Please repeat the lines below, exactly and only, from the one that holds "Teraflex: felga Olympus" through the one that holds "Gite Domaine Saint Julien-View summer".

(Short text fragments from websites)
+++

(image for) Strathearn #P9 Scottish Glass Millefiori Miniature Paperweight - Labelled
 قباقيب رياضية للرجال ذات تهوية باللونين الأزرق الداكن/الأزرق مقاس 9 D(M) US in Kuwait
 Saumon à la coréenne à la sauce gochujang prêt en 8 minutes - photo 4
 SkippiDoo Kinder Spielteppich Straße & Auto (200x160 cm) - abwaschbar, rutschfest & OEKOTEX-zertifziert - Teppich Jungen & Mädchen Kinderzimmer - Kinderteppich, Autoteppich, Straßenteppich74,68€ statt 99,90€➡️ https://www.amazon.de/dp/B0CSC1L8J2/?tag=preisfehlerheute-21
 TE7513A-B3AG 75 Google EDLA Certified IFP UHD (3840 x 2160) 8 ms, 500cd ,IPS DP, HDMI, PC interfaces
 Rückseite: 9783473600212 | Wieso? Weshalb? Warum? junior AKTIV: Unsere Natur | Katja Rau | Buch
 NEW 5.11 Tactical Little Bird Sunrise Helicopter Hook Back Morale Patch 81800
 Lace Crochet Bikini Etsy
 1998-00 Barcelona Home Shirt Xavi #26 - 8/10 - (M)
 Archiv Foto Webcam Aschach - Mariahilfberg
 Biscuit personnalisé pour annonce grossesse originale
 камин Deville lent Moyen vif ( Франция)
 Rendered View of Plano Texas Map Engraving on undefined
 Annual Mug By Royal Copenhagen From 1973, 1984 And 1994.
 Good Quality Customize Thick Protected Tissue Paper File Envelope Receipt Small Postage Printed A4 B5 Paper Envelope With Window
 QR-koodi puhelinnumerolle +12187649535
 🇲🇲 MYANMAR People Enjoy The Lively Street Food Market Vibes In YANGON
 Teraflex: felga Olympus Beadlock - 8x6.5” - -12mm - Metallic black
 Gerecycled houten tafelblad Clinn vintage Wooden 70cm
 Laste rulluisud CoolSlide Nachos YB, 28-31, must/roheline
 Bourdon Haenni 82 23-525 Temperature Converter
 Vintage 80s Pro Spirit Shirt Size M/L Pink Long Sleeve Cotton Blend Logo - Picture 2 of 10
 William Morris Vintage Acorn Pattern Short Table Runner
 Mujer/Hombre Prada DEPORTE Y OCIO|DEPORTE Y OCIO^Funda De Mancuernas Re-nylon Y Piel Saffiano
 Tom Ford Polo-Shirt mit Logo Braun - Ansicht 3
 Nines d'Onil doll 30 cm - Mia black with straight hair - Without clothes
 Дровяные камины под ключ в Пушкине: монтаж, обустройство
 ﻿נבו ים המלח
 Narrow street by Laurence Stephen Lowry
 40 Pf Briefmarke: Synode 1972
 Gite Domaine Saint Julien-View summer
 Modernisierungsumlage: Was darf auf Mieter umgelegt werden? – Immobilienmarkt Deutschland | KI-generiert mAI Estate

+++

Expected answer:
 Teraflex: felga Olympus Beadlock - 8x6.5” - -12mm - Metallic black
 Gerecycled houten tafelblad Clinn vintage Wooden 70cm
 Laste rulluisud CoolSlide Nachos YB, 28-31, must/roheline
 Bourdon Haenni 82 23-525 Temperature Converter
 Vintage 80s Pro Spirit Shirt Size M/L Pink Long Sleeve Cotton Blend Logo - Picture 2 of 10
 William Morris Vintage Acorn Pattern Short Table Runner
 Mujer/Hombre Prada DEPORTE Y OCIO|DEPORTE Y OCIO^Funda De Mancuernas Re-nylon Y Piel Saffiano
 Tom Ford Polo-Shirt mit Logo Braun - Ansicht 3
 Nines d'Onil doll 30 cm - Mia black with straight hair - Without clothes
 Дровяные камины под ключ в Пушкине: монтаж, обустройство
 ﻿נבו ים המלח
 Narrow street by Laurence Stephen Lowry
 40 Pf Briefmarke: Synode 1972
 Gite Domaine Saint Julien-View summer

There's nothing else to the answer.